Reviewed by Greg Wilson / 2021-10-01
Keywords: Programming Style

The findings in Bafatakis2019 were a real shock for me. The authors looked at over 400,000 Python code snippets on Stack Overflow that included six statements or more and checked them for coding style compliance. The results?

  • Almost 94% of snippets contained style violations. (Yes, you read that right.) The most common violation was bad whitespace
  • Snippets average 0.7 violations per statement, and many have a much higher ratio.
  • User reputation is unrelated to coding style compliance.

The good news is that for posts with vote scores between -10 and 20 (which accounted for over 99% of posts) there was a very strong negative correlation between the post's score and the average number of violations per statement, meaning that style-compliant posts generally had higher ratings.

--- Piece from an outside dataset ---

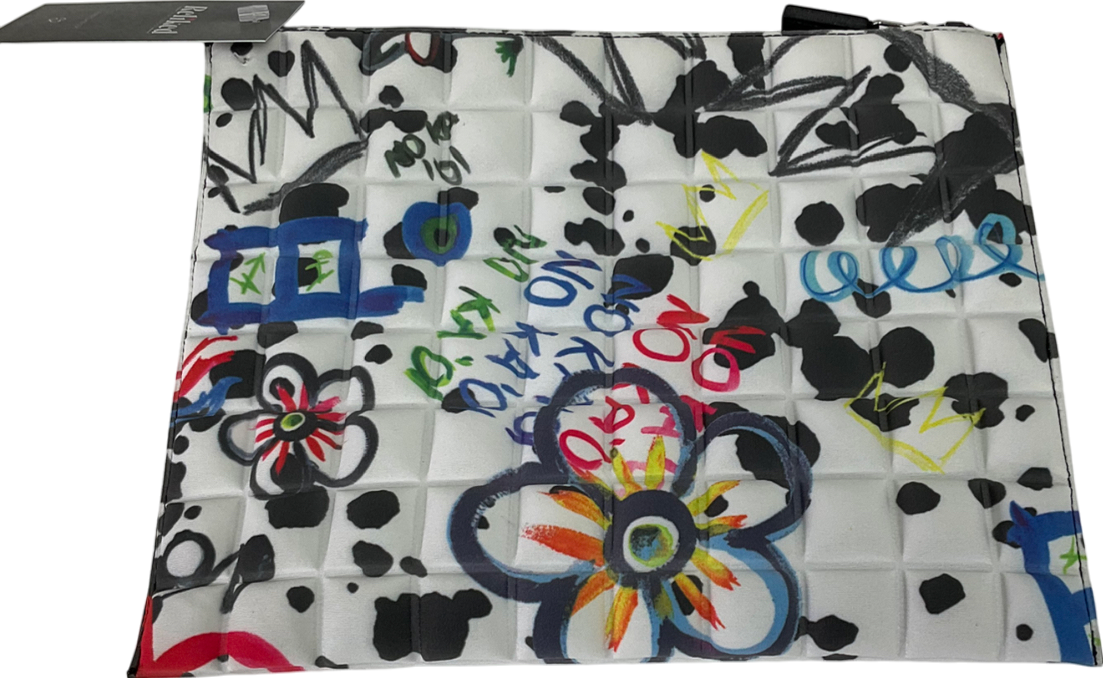 no ka oi White Quilted Clutch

Given how much programming now consists of "copy, paste, and modify," enforcing style conventions on Stack Overflow might do more to improve general coding standards than anything else we could try.

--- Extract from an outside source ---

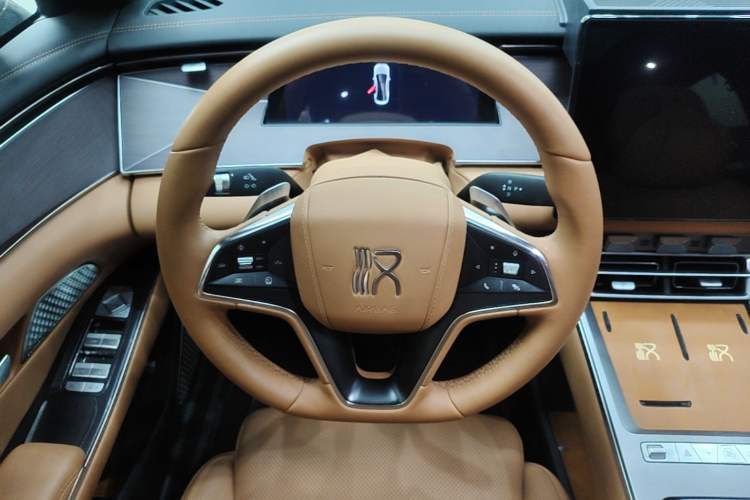 Used BYD Han L 2025 DM-p Four-Wheel-Drive LiDAR Flagship Model Steering Wheel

Bafatakis2019 Nikolaos Bafatakis, Niels Boecker, Wenjie Boon, Martin Cabello Salazar, Jens Krinke, Gazi Oznacar, and Robert White: "Python Coding Style Compliance on Stack Overflow". Proc. International Conference on Mining Software Repositories (MSR), 2019, 10.1109/msr.2019.00042.

Software developers all over the world use Stack Overflow (SO) to interact and exchange code snippets. Research also uses SO to harvest code snippets for use with recommendation systems. However, previous work has shown that code on SO may have quality issues, such as security or license problems. We analyse Python code on SO to determine its coding style compliance. From 1,962,535 code snippets tagged with 'python', we extracted 407,097 snippets of at least 6 statements of Python code. Surprisingly, 93.87% of the extracted snippets contain style violations, with an average of 0.7 violations per statement and a huge number of snippets with a considerably higher ratio. Researchers and developers should, therefore, be aware that code snippets on SO may not representative of good coding style. Furthermore, while user reputation seems to be unrelated to coding style compliance, for posts with vote scores in the range between -10 and 20, we found a strong correlation (r=-0.87, p<10-7) between the vote score a post received and the average number of violations per statement for snippets in such posts.